== Required work ==
Below is a listing; repeat exactly the lines from the one containing "ZPIAR 2 Pack" to the one containing "Robert Plant, center, has", both included.

== Records for the exercise ==

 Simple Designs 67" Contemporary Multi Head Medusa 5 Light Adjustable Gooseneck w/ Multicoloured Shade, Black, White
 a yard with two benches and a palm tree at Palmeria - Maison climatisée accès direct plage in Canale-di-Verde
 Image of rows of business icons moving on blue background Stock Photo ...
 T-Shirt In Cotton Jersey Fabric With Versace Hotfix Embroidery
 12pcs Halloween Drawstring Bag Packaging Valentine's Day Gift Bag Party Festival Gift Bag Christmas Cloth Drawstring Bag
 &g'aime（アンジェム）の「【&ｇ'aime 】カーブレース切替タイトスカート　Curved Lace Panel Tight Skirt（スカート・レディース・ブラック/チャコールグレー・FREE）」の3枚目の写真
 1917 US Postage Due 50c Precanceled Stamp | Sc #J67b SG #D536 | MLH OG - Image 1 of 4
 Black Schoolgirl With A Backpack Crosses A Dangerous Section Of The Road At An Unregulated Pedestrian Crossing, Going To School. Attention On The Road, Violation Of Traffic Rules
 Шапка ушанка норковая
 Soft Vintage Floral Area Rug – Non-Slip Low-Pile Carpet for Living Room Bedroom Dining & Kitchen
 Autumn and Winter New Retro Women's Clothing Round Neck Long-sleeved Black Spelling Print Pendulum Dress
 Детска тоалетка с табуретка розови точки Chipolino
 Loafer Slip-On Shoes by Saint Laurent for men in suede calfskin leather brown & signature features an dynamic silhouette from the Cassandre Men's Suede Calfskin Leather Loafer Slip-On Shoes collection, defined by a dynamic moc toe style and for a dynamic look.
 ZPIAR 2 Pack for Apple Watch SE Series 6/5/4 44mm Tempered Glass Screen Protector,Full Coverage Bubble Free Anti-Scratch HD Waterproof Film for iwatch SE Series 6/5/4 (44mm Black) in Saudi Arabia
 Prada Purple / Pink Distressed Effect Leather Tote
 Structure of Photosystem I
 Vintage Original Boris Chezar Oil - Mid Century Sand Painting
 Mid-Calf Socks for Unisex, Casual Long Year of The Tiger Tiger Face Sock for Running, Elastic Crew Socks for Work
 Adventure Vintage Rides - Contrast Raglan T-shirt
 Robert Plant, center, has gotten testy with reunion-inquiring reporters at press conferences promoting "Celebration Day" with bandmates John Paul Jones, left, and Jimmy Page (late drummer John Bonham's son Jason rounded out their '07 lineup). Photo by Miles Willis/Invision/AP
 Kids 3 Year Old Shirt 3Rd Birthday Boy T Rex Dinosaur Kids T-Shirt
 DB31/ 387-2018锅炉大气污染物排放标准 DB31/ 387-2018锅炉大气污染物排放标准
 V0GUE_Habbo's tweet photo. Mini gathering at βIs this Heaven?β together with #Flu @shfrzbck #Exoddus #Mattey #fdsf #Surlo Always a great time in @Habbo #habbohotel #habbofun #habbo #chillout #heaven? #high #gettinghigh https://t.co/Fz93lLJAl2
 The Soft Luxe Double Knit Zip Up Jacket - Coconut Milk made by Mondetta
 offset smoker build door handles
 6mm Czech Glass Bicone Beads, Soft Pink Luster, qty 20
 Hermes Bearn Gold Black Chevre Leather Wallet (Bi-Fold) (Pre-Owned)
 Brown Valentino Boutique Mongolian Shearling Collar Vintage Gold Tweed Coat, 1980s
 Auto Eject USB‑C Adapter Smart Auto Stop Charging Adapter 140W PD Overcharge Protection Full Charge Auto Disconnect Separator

== Answer box ==
 ZPIAR 2 Pack for Apple Watch SE Series 6/5/4 44mm Tempered Glass Screen Protector,Full Coverage Bubble Free Anti-Scratch HD Waterproof Film for iwatch SE Series 6/5/4 (44mm Black) in Saudi Arabia
 Prada Purple / Pink Distressed Effect Leather Tote
 Structure of Photosystem I
 Vintage Original Boris Chezar Oil - Mid Century Sand Painting
 Mid-Calf Socks for Unisex, Casual Long Year of The Tiger Tiger Face Sock for Running, Elastic Crew Socks for Work
 Adventure Vintage Rides - Contrast Raglan T-shirt
 Robert Plant, center, has gotten testy with reunion-inquiring reporters at press conferences promoting "Celebration Day" with bandmates John Paul Jones, left, and Jimmy Page (late drummer John Bonham's son Jason rounded out their '07 lineup). Photo by Miles Willis/Invision/AP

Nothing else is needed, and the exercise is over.